The benefits of agentic AI: Efficiency and scalability

Agentic AI transforms how organizations approach complex work—and the shift toward autonomous agency is already well underway. According to Gartner, 60% of brands will use agentic AI to deliver streamlined, one-to-one customer interactions by 2028.

Moving from simple automation to autonomous agency offers several key advantages:

End-to-end task completion

The system takes over the "thinking" required to map out a project. This reduces the cognitive burden on users, who only need to provide high-level goals and constraints rather than identifying every individual step.

Unlocking human innovation

By handling multi-step operational workflows, agentic AI frees up the workforce to focus on critical business problems and high-level innovation rather than routine task orchestration.

Scalable, adaptive problem solving

Unlike static software, agentic AI continuously learns and adapts. This makes problem-solving highly scalable, as the system becomes more efficient the more it interacts with its environment.

Persistence across long-horizon tasks

Agentic systems can maintain context over long periods, even if a workflow is interrupted. This allows agents to operate "asynchronously"—working in the background to complete complex projects without requiring a human to stay logged in and monitor the progress.

Challenges and limitations of agentic AI

While powerful, agentic AI is still an evolving technology with specific hurdles that organizations must navigate:

  • Reliability and "hallucinations": Because these systems are autonomous, a single error can snowball (known as error propagation) and lead to incorrect results. Addressing this requires specialized safety tools, expert prompting, and robust error-handling mechanisms.
  • High resource intensity: Running agentic workflows requires significant "compute" power and energy.
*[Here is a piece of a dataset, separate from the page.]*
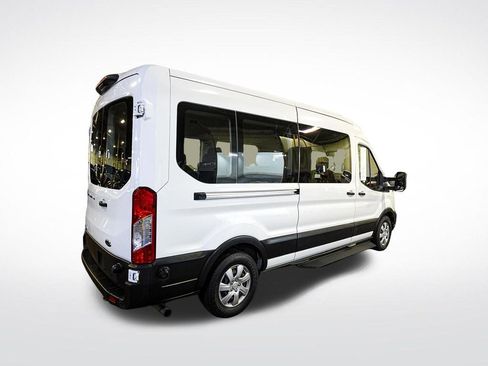 Used 2020 Ford Transit 350 XL RWD image 7
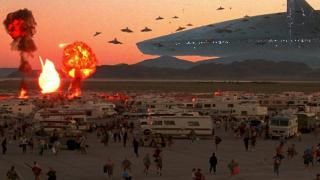 Filme do Dia da Independência: Cena # 3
Because these models are often large and perform multiple reasoning steps for a single goal, they can be more expensive to operate than traditional AI.

Managing AI risks: The shift to "human-on-the-loop"

To address these limitations, enterprises are moving toward unified agentic control planes. These systems are designed to monitor and govern the behavior of AI agents in real-time.

This has led to a new oversight model: human-on-the-loop. In this setup, humans no longer need to actively assist the AI in every decisions (that’s known as human-in-the-loop). Instead, they maintain high-level oversight, stepping in only for audits, compliance checks, or to course-correct the system if it deviates from its goal.